#### PROVIDED DATA ####
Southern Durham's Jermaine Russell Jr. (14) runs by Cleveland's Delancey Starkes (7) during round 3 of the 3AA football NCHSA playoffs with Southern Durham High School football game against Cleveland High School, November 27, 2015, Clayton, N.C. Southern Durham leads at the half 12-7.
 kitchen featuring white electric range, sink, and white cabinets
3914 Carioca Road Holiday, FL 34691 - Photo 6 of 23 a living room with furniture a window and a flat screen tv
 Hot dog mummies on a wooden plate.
####
▶ **WHAT NEEDS TO BE DONE**: Take the line that holds "kitchen featuring white" as the first and the last line of the material as the final one. Print that span exactly, both ends included.

▶ **SOLUTION TO THIS PROBLEM**:
 kitchen featuring white electric range, sink, and white cabinets
3914 Carioca Road Holiday, FL 34691 - Photo 6 of 23 a living room with furniture a window and a flat screen tv
 Hot dog mummies on a wooden plate.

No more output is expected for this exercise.